Густой чай готовится в большой керамической чашке, и каждый из присутствующих отпивает из нее, обтирает край чашки и передает следующему гостю. Жидкий чай готовится в чашке чуть меньшего размера персонально для каждого гостя, после чего чашка моется, вытирается и процедура повторяется. В приготовлении жидкого чая различается семнадцать различных фаз [См.: Castile R. The Way of Tea. New York, Tokyo, 1971, p. 277.]. После того как чай выпит, гость внимательно рассматривает чашку, стоящую у него на левой ладони. Он поворачивает ее пальцами правой руки (тоже в установленном порядке) и наслаждается не только ее формой, цветом, но и ее фактурой, красотой ее внутренней поверхности, а затем, переворачивая, - ее дном. Чашка не должна быть слишком тонкой, чтобы не обжигать рук, но не должна быть и тяжелой, чтобы не утомлять гостя. Толщина стенок чашки варьируется в зависимости от теплого или холодного времени года. С этим связывается и ее форма - более открытая или закрытая, глубокая или мелкая.

В церемонии кой-тя употребляется керамическая чайница (тя-ирэ) в виде маленькой бутылочки с крышкой из слоновой кости. В нее насыпается порошок зеленого чая (он должен быть полностью использован при одной церемонии). Для усутя обязательно берут лаковую чайницу (нацумэ), и порошок чая в ней может остаться после церемонии. Тя-ирэ ставят на лаковый поднос, а нацумэ - непосредственно на циновку.

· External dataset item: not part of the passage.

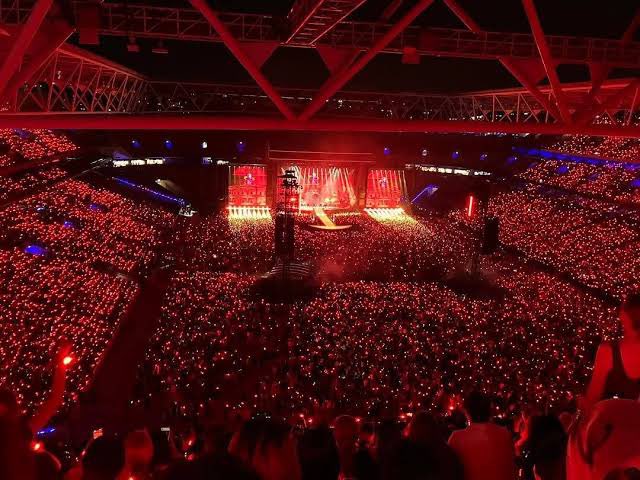 jude⸆⸉🍂🏒 || OR3 COMING!?!? tweet media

Бамбуковая ложечка для вынимания порошка из чайницы - предмет особой гордости каждого мастера чая. Именно о ней начинается разговор после окончания чаепития. Отполированная руками от многолетнего употребления, простая и непритязательная, такая ложка наиболее полно воплощала "дух чая", особо ценимый налет старины, патины, лежащей на вещи хрупкой и внешне недолговечной. Такой же налет старины ценился и в керамических вещах и в железном котелке, где кипела вода. Подчеркнуто свежими и новыми были лишь льняная салфетка и бамбуковый ковш. Новым мог быть и бамбуковый веничек для сбивания чая.

Неторопливые, спокойные, размеренные движения мастера чая не только, подобно танцу, представляли специальный интерес для гостей, но они создавали и общую атмосферу покоя, внутренней сосредоточенности, отрешенности от всего иного, не относящегося к действу. Когда чаепитие кончалось и хозяин закрывал крышкой сосуд с холодной водой, наступало время любования утварью - бамбуковой ложкой для чая, чайницей, чашкой. После этого мог возникнуть разговор о достоинствах утвари и ее выборе хозяином для данного случая. Но беседа была не обязательна. Более важным считался внутренний контакт участников, "молчаливая беседа" и проникновение в сокровенную суть предметов, интуитивное постижение их красоты. Да и весь внешний рисунок действия считался второстепенным в церемонии. За ним скрывался сложный подтекст, всякий раз иной в зависимости от конкретных условий. Он-то и был главной пружиной ритуала, его уяснению все было подчинено, и все элементы церемонии становились средством его формирования и выявления для участников.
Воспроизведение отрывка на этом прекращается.